RECORD SET:
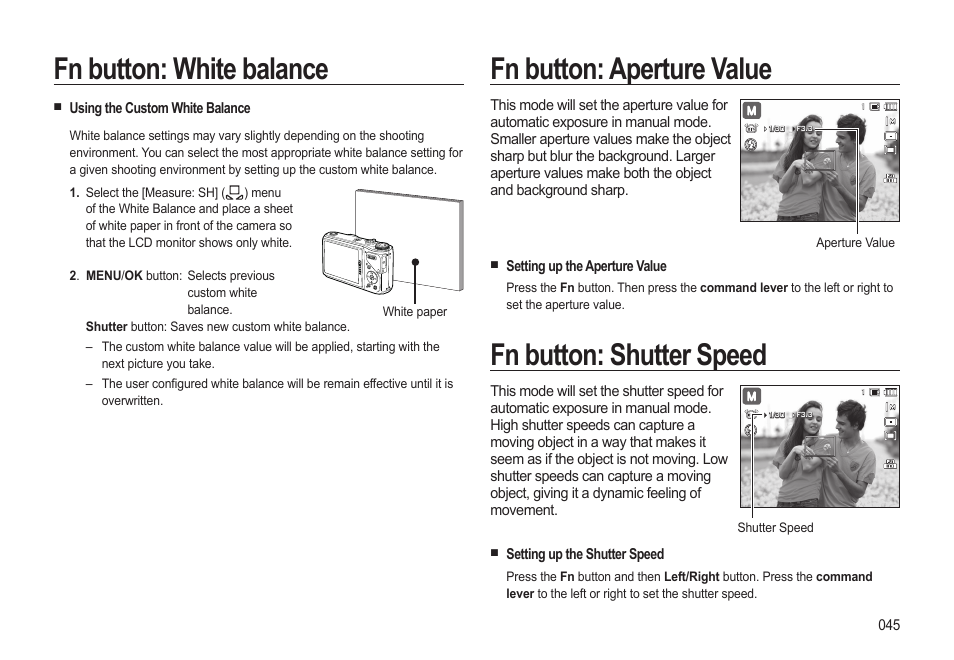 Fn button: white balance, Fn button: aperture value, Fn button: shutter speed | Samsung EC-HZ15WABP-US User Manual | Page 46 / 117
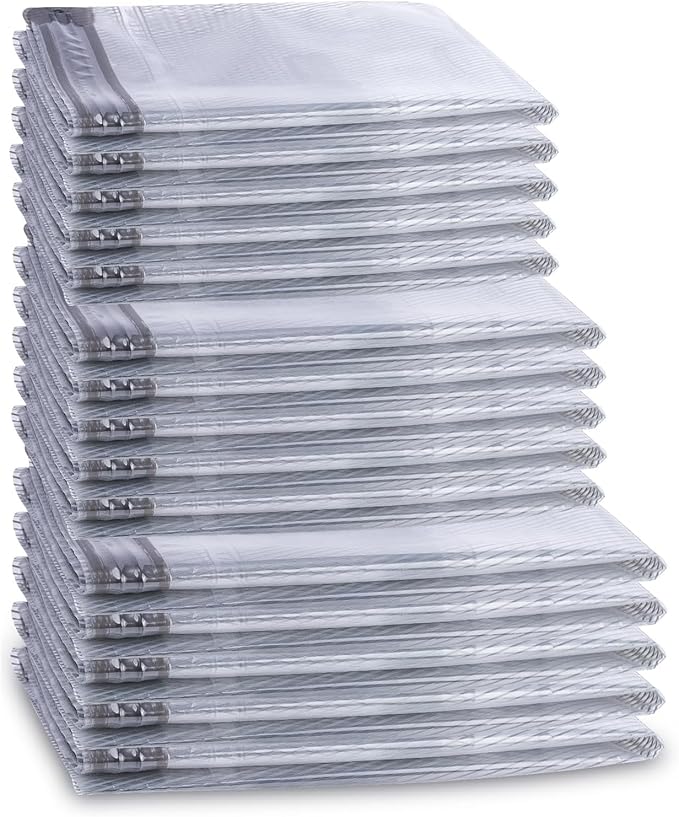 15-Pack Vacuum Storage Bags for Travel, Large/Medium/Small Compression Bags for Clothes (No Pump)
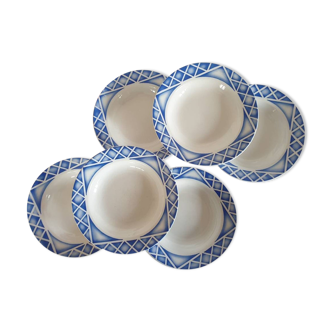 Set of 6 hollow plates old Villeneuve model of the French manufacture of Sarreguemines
--
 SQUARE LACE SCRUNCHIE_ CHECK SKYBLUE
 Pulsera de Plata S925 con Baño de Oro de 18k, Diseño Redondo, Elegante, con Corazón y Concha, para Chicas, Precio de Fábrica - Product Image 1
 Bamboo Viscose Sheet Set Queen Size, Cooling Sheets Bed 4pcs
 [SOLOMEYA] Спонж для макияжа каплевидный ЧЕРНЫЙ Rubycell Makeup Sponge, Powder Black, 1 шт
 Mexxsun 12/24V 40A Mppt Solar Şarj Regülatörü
---
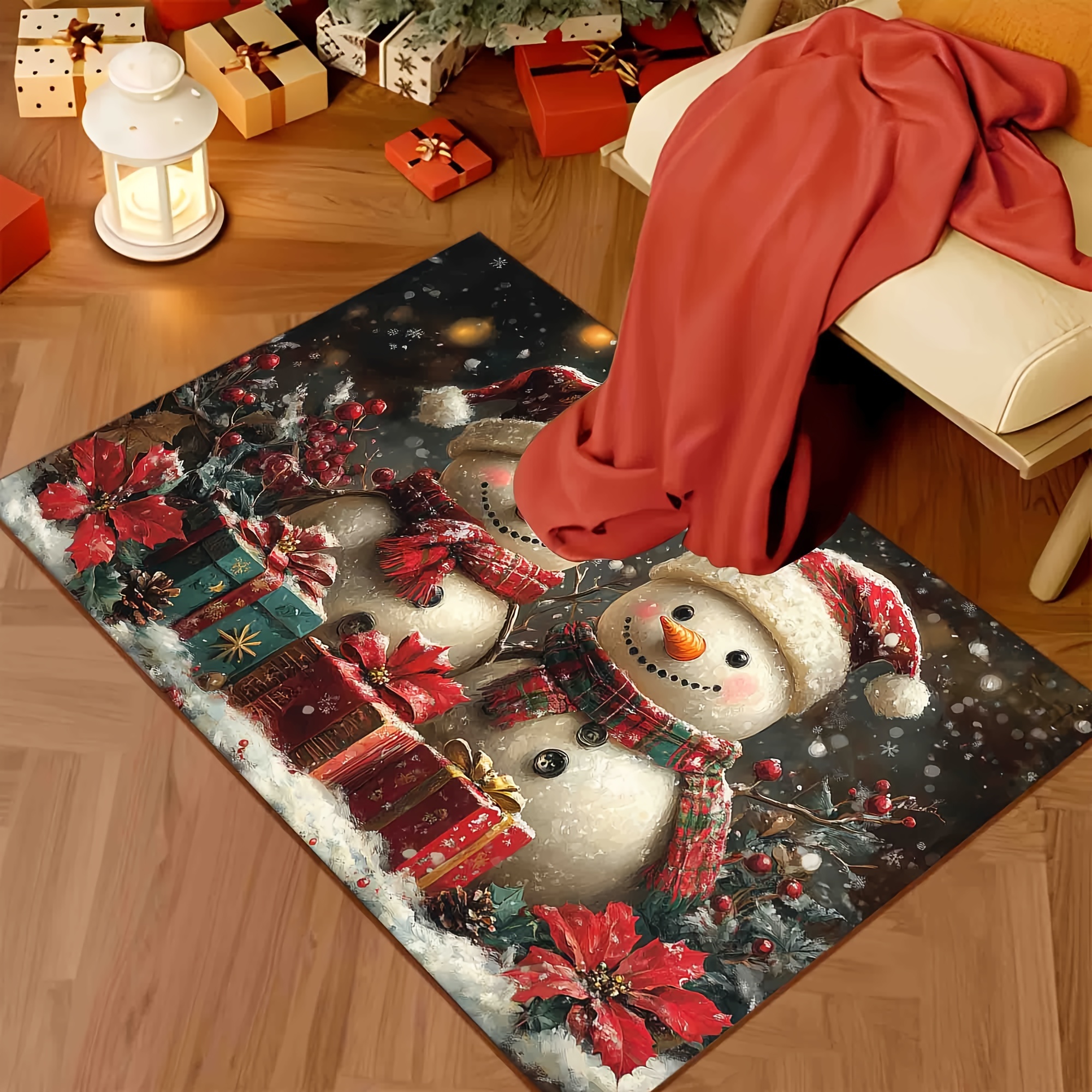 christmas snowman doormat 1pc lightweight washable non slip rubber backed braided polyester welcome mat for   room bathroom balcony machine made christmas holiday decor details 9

YOUR ASSIGNMENT: Starting at the line above that has "15-Pack Vacuum Storage" and ending at the line that has "Set of 6 hollow", copy each line exactly, leaving the pictures out and adding nothing.

TASK RESULT:
 15-Pack Vacuum Storage Bags for Travel, Large/Medium/Small Compression Bags for Clothes (No Pump)
 Set of 6 hollow plates old Villeneuve model of the French manufacture of Sarreguemines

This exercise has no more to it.